▶ _DATA PROVIDED_
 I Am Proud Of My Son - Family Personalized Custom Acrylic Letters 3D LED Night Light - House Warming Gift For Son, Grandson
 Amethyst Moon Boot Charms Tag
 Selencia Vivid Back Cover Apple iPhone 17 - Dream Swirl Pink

==

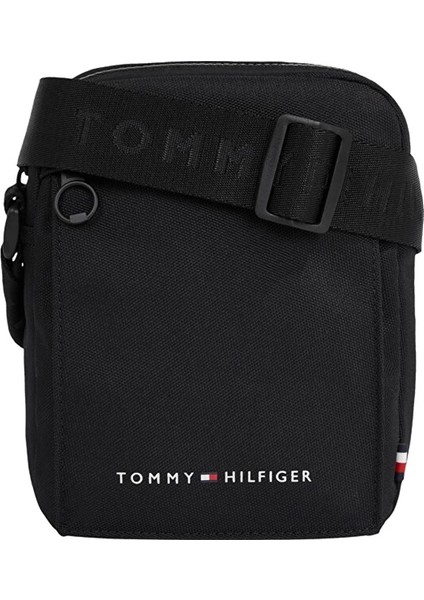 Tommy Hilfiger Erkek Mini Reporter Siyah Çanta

▶ _TASK ITEM_
Restate word for word the entries above from the line with "I Am Proud Of" through the line with "Selencia Vivid Back", inclusive, leaving out everything else.

▶ _EXERCISE RESPONSE_
 I Am Proud Of My Son - Family Personalized Custom Acrylic Letters 3D LED Night Light - House Warming Gift For Son, Grandson
 Amethyst Moon Boot Charms Tag
 Selencia Vivid Back Cover Apple iPhone 17 - Dream Swirl Pink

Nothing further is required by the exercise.